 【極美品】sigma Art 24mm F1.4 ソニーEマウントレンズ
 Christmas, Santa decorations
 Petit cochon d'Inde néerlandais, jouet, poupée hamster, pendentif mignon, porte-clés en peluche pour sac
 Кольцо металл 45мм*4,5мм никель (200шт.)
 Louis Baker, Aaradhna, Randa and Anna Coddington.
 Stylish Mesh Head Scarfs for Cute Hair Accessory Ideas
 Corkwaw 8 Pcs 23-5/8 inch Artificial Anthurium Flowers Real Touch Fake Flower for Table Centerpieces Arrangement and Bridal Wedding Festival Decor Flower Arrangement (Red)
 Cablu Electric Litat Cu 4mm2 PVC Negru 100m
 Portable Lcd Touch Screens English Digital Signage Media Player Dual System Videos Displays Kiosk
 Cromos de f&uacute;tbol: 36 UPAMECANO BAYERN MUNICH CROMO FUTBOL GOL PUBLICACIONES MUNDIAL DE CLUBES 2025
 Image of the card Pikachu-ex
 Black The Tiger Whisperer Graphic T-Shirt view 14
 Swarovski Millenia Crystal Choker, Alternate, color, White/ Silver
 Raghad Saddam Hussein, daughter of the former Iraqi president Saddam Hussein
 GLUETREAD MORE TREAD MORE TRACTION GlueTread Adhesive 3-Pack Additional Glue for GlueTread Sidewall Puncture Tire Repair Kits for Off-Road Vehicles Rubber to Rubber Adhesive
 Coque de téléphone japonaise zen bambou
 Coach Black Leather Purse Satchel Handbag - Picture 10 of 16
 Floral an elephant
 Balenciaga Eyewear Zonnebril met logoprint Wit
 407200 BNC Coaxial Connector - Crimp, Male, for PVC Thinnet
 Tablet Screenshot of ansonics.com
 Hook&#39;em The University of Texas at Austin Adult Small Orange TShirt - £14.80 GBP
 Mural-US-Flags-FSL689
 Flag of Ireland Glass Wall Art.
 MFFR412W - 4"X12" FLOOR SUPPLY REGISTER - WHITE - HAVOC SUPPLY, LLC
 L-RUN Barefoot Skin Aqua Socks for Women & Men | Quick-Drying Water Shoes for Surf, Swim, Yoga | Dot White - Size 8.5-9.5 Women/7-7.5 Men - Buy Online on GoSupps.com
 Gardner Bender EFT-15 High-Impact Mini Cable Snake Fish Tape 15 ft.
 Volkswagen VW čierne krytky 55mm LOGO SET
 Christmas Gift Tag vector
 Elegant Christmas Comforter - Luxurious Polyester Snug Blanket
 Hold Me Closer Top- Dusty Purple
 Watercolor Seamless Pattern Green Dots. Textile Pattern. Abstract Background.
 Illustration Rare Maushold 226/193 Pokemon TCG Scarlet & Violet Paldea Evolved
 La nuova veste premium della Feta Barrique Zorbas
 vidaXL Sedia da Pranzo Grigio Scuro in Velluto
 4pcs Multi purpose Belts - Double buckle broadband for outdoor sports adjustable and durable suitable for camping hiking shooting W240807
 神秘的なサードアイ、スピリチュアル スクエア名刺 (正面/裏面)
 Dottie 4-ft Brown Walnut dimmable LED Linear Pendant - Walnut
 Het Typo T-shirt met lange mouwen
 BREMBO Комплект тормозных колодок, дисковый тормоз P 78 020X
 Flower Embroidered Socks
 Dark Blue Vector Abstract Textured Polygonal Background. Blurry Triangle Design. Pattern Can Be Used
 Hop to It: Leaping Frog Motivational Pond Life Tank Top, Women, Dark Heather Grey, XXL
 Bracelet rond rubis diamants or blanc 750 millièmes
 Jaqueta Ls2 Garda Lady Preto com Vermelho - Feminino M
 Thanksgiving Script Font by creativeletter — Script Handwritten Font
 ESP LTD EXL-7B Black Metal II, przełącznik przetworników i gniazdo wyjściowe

= = = = = = =

Exactly as they stand, please print the lines from the first line of the records above down to the line that includes "L-RUN Barefoot Skin", both of those included and no others.

 【極美品】sigma Art 24mm F1.4 ソニーEマウントレンズ
 Christmas, Santa decorations
 Petit cochon d'Inde néerlandais, jouet, poupée hamster, pendentif mignon, porte-clés en peluche pour sac
 Кольцо металл 45мм*4,5мм никель (200шт.)
 Louis Baker, Aaradhna, Randa and Anna Coddington.
 Stylish Mesh Head Scarfs for Cute Hair Accessory Ideas
 Corkwaw 8 Pcs 23-5/8 inch Artificial Anthurium Flowers Real Touch Fake Flower for Table Centerpieces Arrangement and Bridal Wedding Festival Decor Flower Arrangement (Red)
 Cablu Electric Litat Cu 4mm2 PVC Negru 100m
 Portable Lcd Touch Screens English Digital Signage Media Player Dual System Videos Displays Kiosk
 Cromos de f&uacute;tbol: 36 UPAMECANO BAYERN MUNICH CROMO FUTBOL GOL PUBLICACIONES MUNDIAL DE CLUBES 2025
 Image of the card Pikachu-ex
 Black The Tiger Whisperer Graphic T-Shirt view 14
 Swarovski Millenia Crystal Choker, Alternate, color, White/ Silver
 Raghad Saddam Hussein, daughter of the former Iraqi president Saddam Hussein
 GLUETREAD MORE TREAD MORE TRACTION GlueTread Adhesive 3-Pack Additional Glue for GlueTread Sidewall Puncture Tire Repair Kits for Off-Road Vehicles Rubber to Rubber Adhesive
 Coque de téléphone japonaise zen bambou
 Coach Black Leather Purse Satchel Handbag - Picture 10 of 16
 Floral an elephant
 Balenciaga Eyewear Zonnebril met logoprint Wit
 407200 BNC Coaxial Connector - Crimp, Male, for PVC Thinnet
 Tablet Screenshot of ansonics.com
 Hook&#39;em The University of Texas at Austin Adult Small Orange TShirt - £14.80 GBP
 Mural-US-Flags-FSL689
 Flag of Ireland Glass Wall Art.
 MFFR412W - 4"X12" FLOOR SUPPLY REGISTER - WHITE - HAVOC SUPPLY, LLC
 L-RUN Barefoot Skin Aqua Socks for Women & Men | Quick-Drying Water Shoes for Surf, Swim, Yoga | Dot White - Size 8.5-9.5 Women/7-7.5 Men - Buy Online on GoSupps.com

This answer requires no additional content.